Working at St. Daniel’s has also led me to more fully realize that you can know that something has immense historical significance without actually knowing much detail about its history. This is incredibly frustrating. St. Daniel’s, according to our leader and professor, Catherine Morrissey, is supposed to have been the first free African American congregation in the area in the early 19th century. Most historical background on St. Daniel’s comes from oral tradition, and while oral history is invaluable, these narratives do not seem to have been formally recorded and consolidated. Hopefully further research and documentation can seek to bring this information together. Who were the first congregants of St. Daniel’s, and how would they have experienced this church?

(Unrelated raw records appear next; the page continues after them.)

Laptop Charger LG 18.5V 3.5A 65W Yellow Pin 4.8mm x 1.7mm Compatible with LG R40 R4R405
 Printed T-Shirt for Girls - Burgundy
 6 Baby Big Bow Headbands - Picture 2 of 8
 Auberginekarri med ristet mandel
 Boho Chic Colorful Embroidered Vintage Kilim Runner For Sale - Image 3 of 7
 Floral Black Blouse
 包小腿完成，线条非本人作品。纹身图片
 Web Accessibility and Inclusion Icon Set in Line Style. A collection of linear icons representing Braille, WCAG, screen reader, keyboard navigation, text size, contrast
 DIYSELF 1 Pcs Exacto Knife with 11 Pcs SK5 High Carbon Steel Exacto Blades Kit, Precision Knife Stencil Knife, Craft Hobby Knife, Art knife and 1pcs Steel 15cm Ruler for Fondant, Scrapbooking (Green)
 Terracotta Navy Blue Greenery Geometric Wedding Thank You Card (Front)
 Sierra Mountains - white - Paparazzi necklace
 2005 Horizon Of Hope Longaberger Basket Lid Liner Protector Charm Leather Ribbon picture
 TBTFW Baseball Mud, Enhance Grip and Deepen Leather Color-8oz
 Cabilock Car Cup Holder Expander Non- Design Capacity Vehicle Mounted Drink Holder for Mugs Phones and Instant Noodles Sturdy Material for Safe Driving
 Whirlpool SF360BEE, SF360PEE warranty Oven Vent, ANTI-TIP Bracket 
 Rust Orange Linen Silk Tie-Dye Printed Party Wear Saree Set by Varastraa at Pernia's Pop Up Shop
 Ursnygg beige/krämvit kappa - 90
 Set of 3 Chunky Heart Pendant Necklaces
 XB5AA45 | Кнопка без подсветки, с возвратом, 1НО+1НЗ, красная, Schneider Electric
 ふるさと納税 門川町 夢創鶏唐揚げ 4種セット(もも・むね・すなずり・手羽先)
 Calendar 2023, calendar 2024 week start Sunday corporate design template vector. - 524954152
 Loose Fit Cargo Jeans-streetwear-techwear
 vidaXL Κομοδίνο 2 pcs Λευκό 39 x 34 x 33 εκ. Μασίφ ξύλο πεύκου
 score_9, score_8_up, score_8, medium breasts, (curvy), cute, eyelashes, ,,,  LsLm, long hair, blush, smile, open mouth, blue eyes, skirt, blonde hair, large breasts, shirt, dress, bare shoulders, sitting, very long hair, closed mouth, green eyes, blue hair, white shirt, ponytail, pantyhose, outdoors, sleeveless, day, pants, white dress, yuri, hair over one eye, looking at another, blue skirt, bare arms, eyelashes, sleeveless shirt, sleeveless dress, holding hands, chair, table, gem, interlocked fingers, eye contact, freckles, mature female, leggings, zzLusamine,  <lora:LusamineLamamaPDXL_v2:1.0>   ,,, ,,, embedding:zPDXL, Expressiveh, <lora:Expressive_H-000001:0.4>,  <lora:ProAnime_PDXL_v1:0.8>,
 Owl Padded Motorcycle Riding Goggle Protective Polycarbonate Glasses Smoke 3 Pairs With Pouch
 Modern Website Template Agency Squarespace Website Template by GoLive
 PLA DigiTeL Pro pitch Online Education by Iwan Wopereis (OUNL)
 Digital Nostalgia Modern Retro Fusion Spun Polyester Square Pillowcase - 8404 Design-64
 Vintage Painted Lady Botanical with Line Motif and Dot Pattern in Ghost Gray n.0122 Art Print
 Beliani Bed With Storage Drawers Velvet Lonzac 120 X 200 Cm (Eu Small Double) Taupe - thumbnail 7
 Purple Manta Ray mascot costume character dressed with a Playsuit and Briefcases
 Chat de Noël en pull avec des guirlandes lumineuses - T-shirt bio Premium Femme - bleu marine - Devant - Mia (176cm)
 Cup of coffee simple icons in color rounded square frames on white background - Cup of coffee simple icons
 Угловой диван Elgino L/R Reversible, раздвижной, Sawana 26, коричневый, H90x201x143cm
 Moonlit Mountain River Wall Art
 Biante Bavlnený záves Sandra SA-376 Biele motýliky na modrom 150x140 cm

In addition, it is difficult to piece together the history of the church structure itself due to the heavy level of modern renovations such as the carpeting on the inside and the asbestos siding covering the exterior. Obviously, we could not go pulling off modern siding to get a glimpse of what potential historical material lies beneath. Due to some leakage problems in the building last month, though, workers at the church had to remove part of a modern interior partition. While undoubtedly inconvenient, this revealed some of the framing for what was originally the front exterior wall. Every cloud has a silver lining, right?

A red-painted wood structure arcs over a group of people at work. One man in the foreground holds a tape measure and points to a woman holding the other end of the tape measure at the other end of the structure. Two people sit at a foldout table writing down measurements.

One Friday, we adventured away from St. Daniel’s to get a taste of a different site. This snapshot speaks to how collaborative architectural history fieldwork really is.

Now, after three months, we are cleaning up our field notes, which include floor plans, elevations, and site plans. The final steps are to draw up our field notes using Autodesk’s computer-aided design software (AutoCAD). We draw every little line we drew in pencil digitally, setting certain features—walls, stairs, windows, doors, details, etc.—in certain layers to stay as true to the building as possible. AutoCAD is also where you can catch mistakes on your field drawing. Sometimes your lines might not meet, and you figure out that the building is not perfectly rectilinear, for instance. While a bit tedious this process yields beautiful, crisp computerized drawings. Knowing your way around AutoCAD software, in my opinion, is a game changer for the material culture student. I admit, I also find all of the line drawing, trimming, and number-inputting rather fun and cathartic!

Since we arrived at Winterthur back in August, the curators who have been instructing us in our connoisseurship blocks have stressed the importance of sketching the objects that we are studying. To paraphrase Leslie Grigsby, “you don’t have to be Rembrandt,” in these sketching endeavors. Most importantly, sketching forces you to take in the object from a different angle and at a slower pace that forces you to notice and contemplate details you might not have noticed at first. I find that architectural drafting to have a remarkably similar effect. It forces you to contemplate things such as the textures of the building materials and how foot traffic would travel into and within the structure. Recording every inch of a building has also strengthened my notion of spatial relationships, and I can now draw to scale without thinking twice. This will be quite useful for sketching larger objects at Winterthur such as pieces of furniture or the many historical architectural features that H.F. du Pont incorporated into his home. Object study and architectural history go hand-in-hand beautifully—extending our close looking skills to the structures that housed and hosted people, their customs, and their objects is key to an enriched study of material culture. I am thankful that the congregation at St. Daniel’s kindly shared their historic church with our class these past few months, and I am happy that we get to help the St. Daniel’s community record and preserve its history.

A red church with white trim. To the right of the church are a series of gravestones. Tall trees just beginning to turn for autumn surround the area.

St. Daniel’s Community Church, Newark, Delaware. November 2, 2018.